Es habitual denominar a ese tipo de discurso “estético” (se habla incluso de “ontologías estéticas”), y lo es en el peor posible de los sentidos: el de alejarse de un mundo en el que no se pinta nada ni se tiene nada que decir, por lo que uno se refugia en una esfera cómoda en la que se puede sostener lo que se quiera sin miedo a equivocarse, puesto que “no existen ni la verdad ni la mentira”. Posturas que suelen ampararse en Nietzsche; por lo menos en cierta lectura de él (la que, en realidad, no hace sino “castrarlo”, puesto que lo “estetiza” en la misma medida en que lo “despolitiza”, que es lo que en general hace este pensamiento de los “post” y los “trans” y los “meta”). Pero ciertamente es muy posible que el discurso de Nietzsche ya peque de lo mismo que el de sus émulos, esto es, de construir formulaciones teóricas que parecen tanto más críticas cuanto más inanes son, porque no van a la raíz de los problemas. Una raíz que es política y económica, esto es, material, colectiva, y que poco tiene que ver con crisis de valores u olvidos de dimensiones originarias –argumentos éstos en el fondo teológicos, por más que se invierta su signo.

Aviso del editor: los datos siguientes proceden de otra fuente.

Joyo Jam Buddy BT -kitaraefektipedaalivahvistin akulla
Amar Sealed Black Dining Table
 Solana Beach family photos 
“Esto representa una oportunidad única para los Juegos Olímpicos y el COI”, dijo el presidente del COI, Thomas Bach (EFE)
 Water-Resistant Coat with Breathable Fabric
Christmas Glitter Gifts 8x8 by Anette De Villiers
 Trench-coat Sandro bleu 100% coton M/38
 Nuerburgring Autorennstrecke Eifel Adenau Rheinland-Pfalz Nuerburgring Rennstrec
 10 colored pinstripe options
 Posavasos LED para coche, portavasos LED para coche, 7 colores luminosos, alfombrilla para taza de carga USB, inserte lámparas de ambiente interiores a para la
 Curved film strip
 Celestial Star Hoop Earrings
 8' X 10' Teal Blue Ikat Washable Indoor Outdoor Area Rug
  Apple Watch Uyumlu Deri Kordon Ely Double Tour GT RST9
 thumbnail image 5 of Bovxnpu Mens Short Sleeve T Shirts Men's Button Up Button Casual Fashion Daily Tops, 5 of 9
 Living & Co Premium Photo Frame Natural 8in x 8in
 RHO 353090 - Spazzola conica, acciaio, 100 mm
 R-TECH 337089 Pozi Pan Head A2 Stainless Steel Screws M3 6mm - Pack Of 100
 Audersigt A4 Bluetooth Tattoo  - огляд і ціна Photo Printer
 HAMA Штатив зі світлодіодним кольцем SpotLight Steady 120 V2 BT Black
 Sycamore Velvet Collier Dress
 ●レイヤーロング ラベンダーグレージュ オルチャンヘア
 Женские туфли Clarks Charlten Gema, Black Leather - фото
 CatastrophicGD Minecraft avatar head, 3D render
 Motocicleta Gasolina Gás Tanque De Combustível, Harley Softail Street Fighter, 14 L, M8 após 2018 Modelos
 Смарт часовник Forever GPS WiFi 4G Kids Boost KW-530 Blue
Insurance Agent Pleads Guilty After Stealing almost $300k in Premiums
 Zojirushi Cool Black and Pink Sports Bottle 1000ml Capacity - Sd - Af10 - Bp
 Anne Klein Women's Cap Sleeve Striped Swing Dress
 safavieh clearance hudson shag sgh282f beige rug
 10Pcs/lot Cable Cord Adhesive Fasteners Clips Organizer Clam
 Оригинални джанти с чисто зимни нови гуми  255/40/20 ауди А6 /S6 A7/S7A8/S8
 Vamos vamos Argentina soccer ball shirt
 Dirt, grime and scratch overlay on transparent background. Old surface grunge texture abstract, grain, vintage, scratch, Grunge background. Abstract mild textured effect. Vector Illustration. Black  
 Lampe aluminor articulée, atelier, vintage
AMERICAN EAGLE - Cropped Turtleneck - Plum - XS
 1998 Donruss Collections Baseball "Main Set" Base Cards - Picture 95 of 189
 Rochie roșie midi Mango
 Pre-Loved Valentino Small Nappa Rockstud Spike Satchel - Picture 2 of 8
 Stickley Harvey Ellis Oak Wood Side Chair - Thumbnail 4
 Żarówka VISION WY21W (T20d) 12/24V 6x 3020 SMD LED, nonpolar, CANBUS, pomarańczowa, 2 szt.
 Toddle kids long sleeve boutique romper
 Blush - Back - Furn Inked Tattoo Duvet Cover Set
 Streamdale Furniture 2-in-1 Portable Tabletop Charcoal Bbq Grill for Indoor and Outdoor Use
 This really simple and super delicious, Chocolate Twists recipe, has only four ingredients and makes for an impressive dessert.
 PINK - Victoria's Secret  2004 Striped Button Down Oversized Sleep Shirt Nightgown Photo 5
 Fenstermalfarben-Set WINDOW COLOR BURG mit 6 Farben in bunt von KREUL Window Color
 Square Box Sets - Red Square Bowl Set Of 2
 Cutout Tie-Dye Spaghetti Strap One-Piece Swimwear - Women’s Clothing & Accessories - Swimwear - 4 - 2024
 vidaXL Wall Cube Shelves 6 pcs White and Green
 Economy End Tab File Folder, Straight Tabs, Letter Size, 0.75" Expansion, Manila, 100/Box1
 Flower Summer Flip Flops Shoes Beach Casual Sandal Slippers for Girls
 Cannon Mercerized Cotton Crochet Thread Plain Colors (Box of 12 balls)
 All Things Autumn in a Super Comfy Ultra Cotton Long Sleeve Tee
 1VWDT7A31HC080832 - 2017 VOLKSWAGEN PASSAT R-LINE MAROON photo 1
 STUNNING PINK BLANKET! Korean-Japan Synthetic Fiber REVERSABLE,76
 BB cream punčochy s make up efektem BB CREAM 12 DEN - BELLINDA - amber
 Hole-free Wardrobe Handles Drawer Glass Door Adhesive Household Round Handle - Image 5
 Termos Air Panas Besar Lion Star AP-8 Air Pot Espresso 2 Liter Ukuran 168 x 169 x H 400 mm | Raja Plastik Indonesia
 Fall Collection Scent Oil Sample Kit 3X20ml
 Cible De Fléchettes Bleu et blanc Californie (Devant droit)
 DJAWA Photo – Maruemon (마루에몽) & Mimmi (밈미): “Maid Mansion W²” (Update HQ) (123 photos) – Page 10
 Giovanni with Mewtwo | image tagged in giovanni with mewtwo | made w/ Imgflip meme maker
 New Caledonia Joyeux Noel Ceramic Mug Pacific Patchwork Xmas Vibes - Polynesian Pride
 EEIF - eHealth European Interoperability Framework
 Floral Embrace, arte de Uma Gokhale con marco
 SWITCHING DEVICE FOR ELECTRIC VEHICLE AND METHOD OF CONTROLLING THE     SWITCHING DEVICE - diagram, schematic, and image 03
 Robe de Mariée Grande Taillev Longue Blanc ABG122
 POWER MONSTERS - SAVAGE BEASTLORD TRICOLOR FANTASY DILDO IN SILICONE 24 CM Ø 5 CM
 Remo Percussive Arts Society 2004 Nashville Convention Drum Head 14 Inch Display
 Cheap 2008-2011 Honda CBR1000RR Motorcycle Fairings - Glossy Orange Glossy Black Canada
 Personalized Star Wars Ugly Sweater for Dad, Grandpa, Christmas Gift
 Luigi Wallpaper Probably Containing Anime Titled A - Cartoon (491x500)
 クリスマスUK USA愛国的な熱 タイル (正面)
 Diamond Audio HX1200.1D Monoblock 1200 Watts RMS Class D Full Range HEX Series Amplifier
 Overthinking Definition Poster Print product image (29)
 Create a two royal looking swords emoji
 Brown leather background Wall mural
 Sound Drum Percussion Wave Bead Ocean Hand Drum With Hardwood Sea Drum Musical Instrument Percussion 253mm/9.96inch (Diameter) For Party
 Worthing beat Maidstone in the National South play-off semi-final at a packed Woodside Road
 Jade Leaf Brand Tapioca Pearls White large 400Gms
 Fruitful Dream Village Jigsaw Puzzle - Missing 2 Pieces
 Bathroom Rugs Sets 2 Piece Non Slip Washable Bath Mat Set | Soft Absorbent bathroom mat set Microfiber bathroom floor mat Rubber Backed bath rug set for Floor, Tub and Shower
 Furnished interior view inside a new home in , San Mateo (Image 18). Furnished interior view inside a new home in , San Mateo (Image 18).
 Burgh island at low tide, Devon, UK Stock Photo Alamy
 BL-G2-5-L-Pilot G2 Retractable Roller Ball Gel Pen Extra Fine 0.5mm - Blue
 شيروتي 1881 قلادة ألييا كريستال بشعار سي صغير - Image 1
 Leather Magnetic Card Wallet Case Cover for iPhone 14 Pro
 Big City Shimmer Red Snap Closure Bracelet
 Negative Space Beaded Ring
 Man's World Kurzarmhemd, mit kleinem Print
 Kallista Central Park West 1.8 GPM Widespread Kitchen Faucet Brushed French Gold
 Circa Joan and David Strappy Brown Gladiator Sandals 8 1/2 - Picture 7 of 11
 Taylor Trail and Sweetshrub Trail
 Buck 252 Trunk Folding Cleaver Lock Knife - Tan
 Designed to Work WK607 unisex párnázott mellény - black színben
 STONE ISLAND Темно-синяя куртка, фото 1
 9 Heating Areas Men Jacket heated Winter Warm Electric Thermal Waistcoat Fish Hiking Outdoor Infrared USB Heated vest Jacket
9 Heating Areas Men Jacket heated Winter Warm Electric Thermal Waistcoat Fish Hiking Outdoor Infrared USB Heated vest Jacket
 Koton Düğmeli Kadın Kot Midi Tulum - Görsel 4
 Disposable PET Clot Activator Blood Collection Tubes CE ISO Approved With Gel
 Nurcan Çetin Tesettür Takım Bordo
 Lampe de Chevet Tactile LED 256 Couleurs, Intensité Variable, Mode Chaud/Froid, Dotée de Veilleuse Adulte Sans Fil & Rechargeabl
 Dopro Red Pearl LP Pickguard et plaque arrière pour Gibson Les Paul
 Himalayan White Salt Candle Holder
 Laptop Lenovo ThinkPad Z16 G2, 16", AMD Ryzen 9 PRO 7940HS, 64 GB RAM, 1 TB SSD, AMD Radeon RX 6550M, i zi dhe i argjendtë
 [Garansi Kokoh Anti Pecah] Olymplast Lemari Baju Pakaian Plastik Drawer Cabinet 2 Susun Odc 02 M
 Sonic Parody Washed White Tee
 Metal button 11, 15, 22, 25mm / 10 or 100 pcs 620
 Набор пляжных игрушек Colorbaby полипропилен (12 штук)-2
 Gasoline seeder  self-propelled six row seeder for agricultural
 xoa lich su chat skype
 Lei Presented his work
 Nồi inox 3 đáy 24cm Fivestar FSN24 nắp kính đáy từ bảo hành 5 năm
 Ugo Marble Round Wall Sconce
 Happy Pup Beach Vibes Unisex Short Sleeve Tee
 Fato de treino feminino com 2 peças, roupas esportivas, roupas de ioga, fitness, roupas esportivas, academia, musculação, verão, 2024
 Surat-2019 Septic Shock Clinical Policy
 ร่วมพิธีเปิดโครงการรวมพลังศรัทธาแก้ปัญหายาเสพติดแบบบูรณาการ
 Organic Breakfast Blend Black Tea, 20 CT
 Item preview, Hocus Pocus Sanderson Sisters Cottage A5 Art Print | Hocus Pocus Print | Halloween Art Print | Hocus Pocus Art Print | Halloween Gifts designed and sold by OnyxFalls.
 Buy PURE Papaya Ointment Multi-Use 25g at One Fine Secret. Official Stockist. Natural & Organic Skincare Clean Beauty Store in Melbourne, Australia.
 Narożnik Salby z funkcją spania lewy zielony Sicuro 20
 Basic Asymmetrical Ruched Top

Lo que se observa habitualmente es, en efecto, la pretensión de que se combate un estado de cosas desde interpretaciones que elaboran “alternativas al mundo”… Como si hubiera alternativas a éste que no fueran transformaciones materiales (como decía: políticas y económicas), en vez de simples discursos efectistas, expresiones de un pensamiento que se dice “auténtico”, el cual esconde tras una jerga enrevesadísima que a la hora de la verdad no dice nada. Como ya he criticado en diversas ocasiones (especialmente en "Posmodernidad estandarizada"), estas posturas teóricas son la coartada perfecta para el discurso fácil y autocomplaciente de la gente del mundo académico que cree afirmar algo cuando no hace sino emplear expresiones vacías y retóricas que no producen efecto ninguno fuera de la academia misma, por más que piense estar “haciendo historia” mientras nadie la escucha. Un pensamiento que no tiene absolutamente ningún tipo de compromiso con nada, ni siquiera consigo mismo.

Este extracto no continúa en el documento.